Posted in rantings and ravings on February 26th, 2022 by skeeter

Back when I first tried to make a ‘go’ of my stained glass, I paid for a yellow page ad in the local phone book. You know, until there were half a dozen different books. And before the internet made them essentially obsolete … despite the proliferation dropped off on the ground by our mailbox. Invariably I got calls for window repair, safety glass, mirror, about everything glass related EXCEPT stained glass commissions, but … I answered every call and message machine and always they thanked me for getting back to them.

This, I sincerely believe, is our obligation as bizness people. But not, apparently, on the salty South End. Never was, never will be and I should know, having been here 45 years. The new arrivals, folks who maybe need a roof repaired or a toilet fixed, ask me why, when they’ve left a message for Bubba’s Fix-It Shop, Bubba never calls back. And neither does Clyde or Will or any of the other contractors down here or up island. They think maybe they’re being discriminated against by the locals, meaning us old timers. I say, naw, just good ol’ boys who never return calls when the economy is good, only when they’re out of work and the mortgage payment is overdue and the mizzus is threatening to leave them with the kids after the divorce is finalized.

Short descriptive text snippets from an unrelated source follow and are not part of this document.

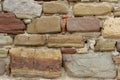 Old stone wall made of various square natural stones in beige, ocher, red and brown. Stone wall texture background Royalty Free Stock Photo
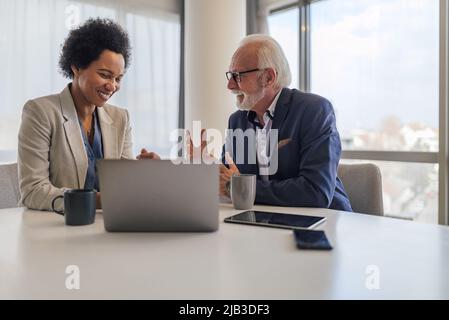 Homme d'affaires senior discutant avec la direction féminine. Des professionnels souriants, hommes et femmes, planifient une stratégie pendant la réunion. Ils sont assis à o Banque D'Images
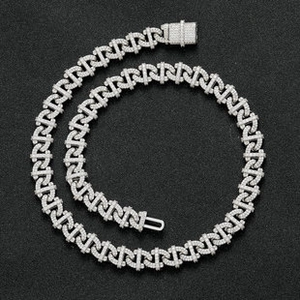 Macro shot of a silver curb chain necklace with pavé-set white zircons and square clasp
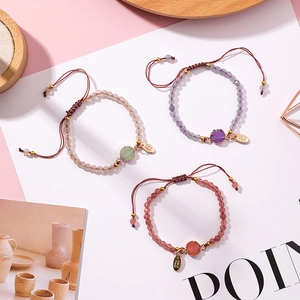 Detail of handmade adjustable woven bracelets with faceted natural stone beads and metal tags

I hired a neighbor to grade and gravel my driveway about a year ago. I’ve called him to see if maybe the gravel is sitting on one of those container ships I see anchored across Saratoga Straits over by Whidbey Island, you know, a supply chain issue. My guy never answers a phone and if you think he’s called me back, I got some prime nettle acreage you might be interested in instead of investing in cryptocurrency. Folks like to believe in the quaint notion of Shopping Local. Me, I gave up on that a long time ago. Nowadays I let my fingers do the walking, maybe not in the phone book, but on the internet. You want to Shop Loco, be my guest, but Bubba’s not calling you back.